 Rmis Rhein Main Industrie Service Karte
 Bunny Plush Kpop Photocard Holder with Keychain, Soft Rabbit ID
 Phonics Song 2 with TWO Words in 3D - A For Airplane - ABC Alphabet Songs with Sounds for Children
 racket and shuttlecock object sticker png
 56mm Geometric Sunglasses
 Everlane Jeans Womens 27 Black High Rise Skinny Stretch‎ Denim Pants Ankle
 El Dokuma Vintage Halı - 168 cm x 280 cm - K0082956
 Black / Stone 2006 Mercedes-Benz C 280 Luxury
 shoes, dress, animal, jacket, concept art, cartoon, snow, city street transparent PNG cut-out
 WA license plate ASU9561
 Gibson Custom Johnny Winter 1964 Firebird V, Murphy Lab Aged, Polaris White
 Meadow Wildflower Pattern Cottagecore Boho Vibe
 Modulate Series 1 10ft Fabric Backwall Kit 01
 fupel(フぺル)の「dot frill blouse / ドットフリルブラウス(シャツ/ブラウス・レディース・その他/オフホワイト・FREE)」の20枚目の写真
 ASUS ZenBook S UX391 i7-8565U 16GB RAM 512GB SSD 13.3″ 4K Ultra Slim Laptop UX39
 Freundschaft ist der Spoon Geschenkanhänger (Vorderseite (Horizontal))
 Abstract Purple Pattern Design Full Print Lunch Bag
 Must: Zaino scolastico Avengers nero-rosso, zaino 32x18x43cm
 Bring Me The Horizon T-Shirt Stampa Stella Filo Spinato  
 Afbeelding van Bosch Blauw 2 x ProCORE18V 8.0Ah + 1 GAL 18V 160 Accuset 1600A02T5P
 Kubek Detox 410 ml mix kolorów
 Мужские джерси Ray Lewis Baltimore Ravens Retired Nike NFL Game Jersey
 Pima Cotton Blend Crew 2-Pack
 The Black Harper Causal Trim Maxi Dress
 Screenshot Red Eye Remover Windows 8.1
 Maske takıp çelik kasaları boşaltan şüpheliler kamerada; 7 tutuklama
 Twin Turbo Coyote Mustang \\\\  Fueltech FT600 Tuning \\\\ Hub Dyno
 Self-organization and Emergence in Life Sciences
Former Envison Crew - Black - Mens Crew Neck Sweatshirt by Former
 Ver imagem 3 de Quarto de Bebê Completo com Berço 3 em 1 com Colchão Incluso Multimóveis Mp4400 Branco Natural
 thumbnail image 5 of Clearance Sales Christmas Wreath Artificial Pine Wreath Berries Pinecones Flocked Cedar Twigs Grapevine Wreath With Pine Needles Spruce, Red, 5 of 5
########################################
__EXERCISE DESCRIPTION__
Find the string "Crew" in the entries above. Copy each line where it occurs.

__ANSWER SPACE__
 Pima Cotton Blend Crew 2-Pack
Former Envison Crew - Black - Mens Crew Neck Sweatshirt by Former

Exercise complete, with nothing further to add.